Under ideal conditions, high-tech tools can reveal the location and structure of underground cavities by measuring subtle changes in the force of gravity, seismic waves and electrical resistance. `It`s a real easy job if you have a bunch of graduate students and you can walk around on the ground taking measurements,` said Antony Fraser-Smith, a Stanford University geophysicist.
Afghanistan today is hardly the place for such field trips. Meanwhile, almost all U.S. reconnaissance tools - including radar and communications interception devices - are built for detecting something. Caves are all about the absence of something.
During the
Vietnam conflict, U.S. soldiers faced enemies adept at tunneling. One of the most successful detection techniques involved carefully observing entrances for smoke or body odor.

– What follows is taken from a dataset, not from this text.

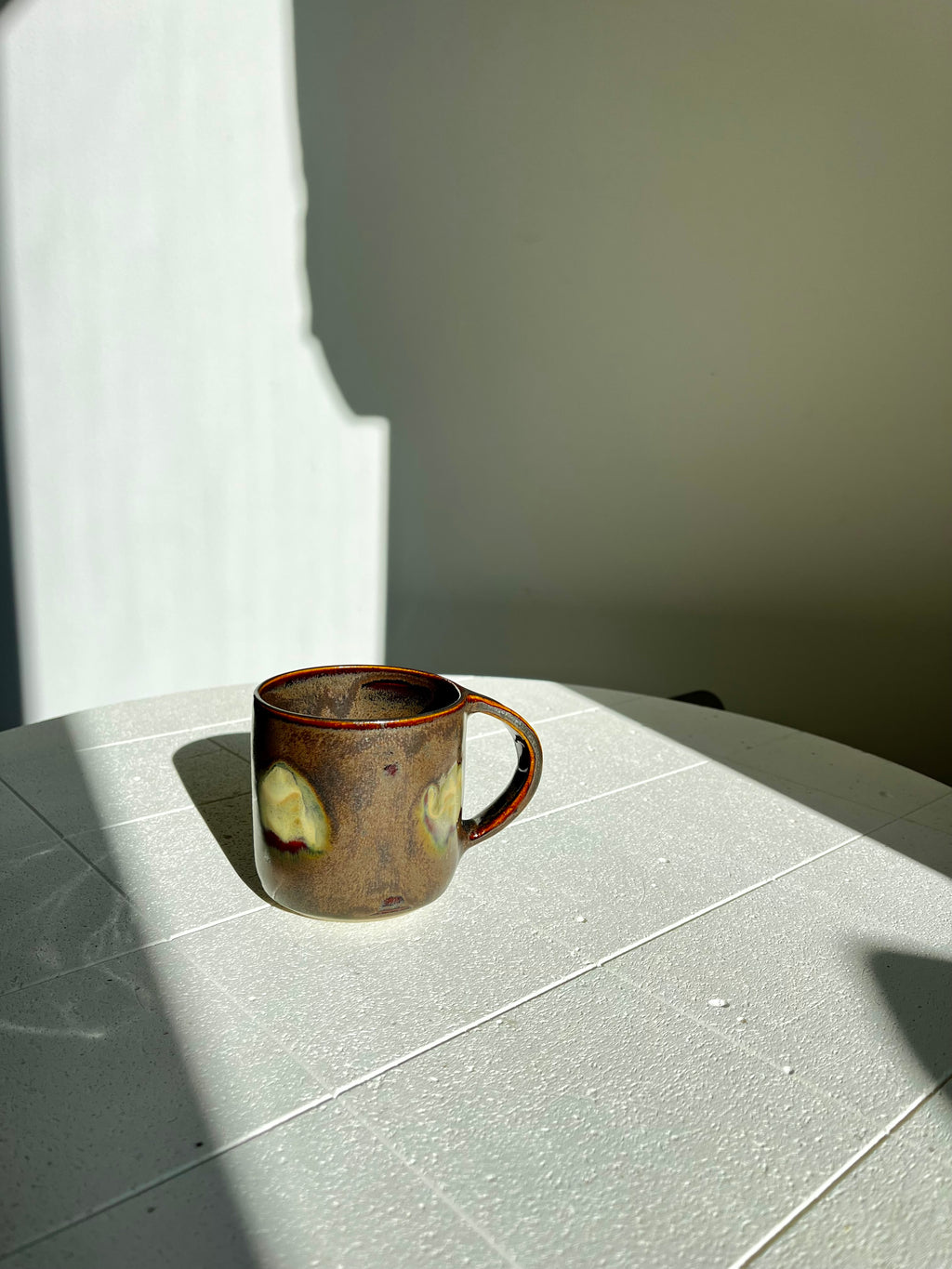Tasse autumn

In the early 1990s, a tunnel apparently dug by North Korea was found hundreds of feet beneath the Demilitarized Zone. Seismic testing and radar confirmed the location. Smugglers also move drugs through underground passages from Mexico into the
United States. These have usually been discovered through tips, rather than technology.
In all those cases, however, the cave-detectors were people on the ground. To be most effective, cavern-hunting in Afghanistan would require much the same - while likely employing methods originally designed by geologists to find pipes, oil deposits and earthquake faults.